Barnabás Kelemen has worked with conductors such as Lorin Maazel, Sir Neville Marriner, Vladimir Jurowski, Marek Janowski, Michael Stern, Krzysztof Urbanski, Zoltán Kocsis, Péter Eötvös, and Iván Fischer. He is also an avid conductor himself – in recent seasons he has directed the Hungarian National Philharmonic Orchestra, the Indianapolis Symphony Orchestra, the Israeli Chamber Ensemble, the Amsterdam Concertgebouw Chamber Orchestra, and the symphonic orchestras of the Hungarian cities of Szombathely, Győr, and Pécs. On top of all this, he is a sensitive and experienced chamber musician who has played with artists of the calibre of Dezső Ránki, Steven Isserlis, Miklós Perényi, Alina Ibragimova, Vilde Frang, José Gallardo, and Andreas Ottensamer.
Together with Katalin Kokas, he is the Founder and Artistic Director of the Festival Academy Budapest Chamber Music Festival, which regularly features artists such as Vilde Frang, Maxim Rysanov, Shlomo Mintz, and Joshua Bell.
Sergei Prokofiev was a pianist and composer, born in Sontsovka (present-day Ukraine) in 1891. Naturally gifted, he began composing at an early age, and by 11 years old, he had already written two operas and a series of small piano pieces that he endearingly called his “little puppies.” His composition style became more complex over time, using unconventional time signatures and key changes.

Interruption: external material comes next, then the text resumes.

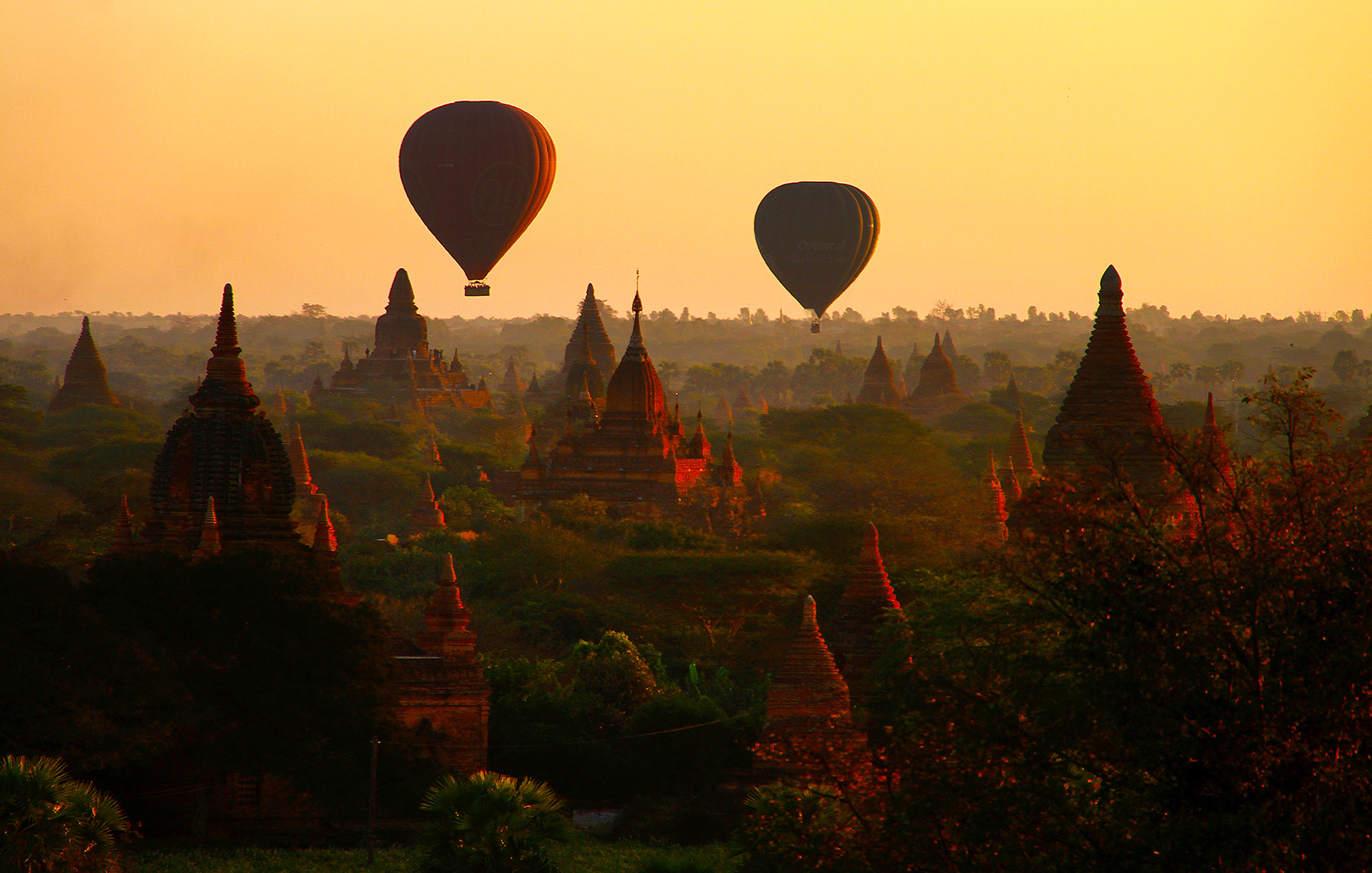 Los escenarios más espectaculares para verlos desde el cielo Bagan-Myanmar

His formal musical education began under the tutelage of Reinhold Glière. At 13, he began his studies at the Conservatory in St Petersburg. Upon completing his studies at the Conservatory, he won first prize (the Rubinstein Prize) with his first piano concerto, although the decision was not unanimous. While celebrated by some critics for being modern and avant-garde, Prokofiev’s compositions were not enjoyed by all. After completing his studies, Sergei Prokofiev traveled to London, where he met Diaghilev of the Ballet Russes, and Igor Stravinsky, who was writing ballet music for Diaghilev at the time. Stravinsky’s Rite of Spring made a particular impact on Prokofiev, notably in his compositions. The young composer wrote the opera The Gambler, based on a novel by Alekseï Alekseïevitch Broussilov, but the orchestra and singers struggled to understand the music, and refused to perform it. Prokofiev wrote his First Symphony, also known as the Classical Symphony, which resembles music from the Classical period, such as the works by Joseph Haydn. This work became internationally acclaimed and is still a very popular symphony today.
After living in New York for a few years to escape the chaos ensuing back home in Russia, Prokofiev eventually returned to Western Europe, proposing a ballet to Diaghilev in Paris. His ballet, now known as the Scythian Suite was not well received by Diaghilev. He wrote another ballet, The Tale of the Buffoon as well as his Third Piano Concerto, which were very popular, especially the latter.
Despite Prokofiev’s successful reputation in Western Europe, he returned to the Soviet Union after being beckoned by some of his contemporaries. Life was not easy for artists at the time. In spite of this, Prokofiev managed to write many of his major works during the Second World War, including but not limited to War and Peace (based on the novel by Tolstoy), Betrothal in a Monastery, and more.
Sergei Prokofiev died on March 5, 1953, of a brain hemorrhage. Due to the fact that Josef Stalin died on the same day, Prokofiev’s death was barely mentioned and went largely unnoticed in the media.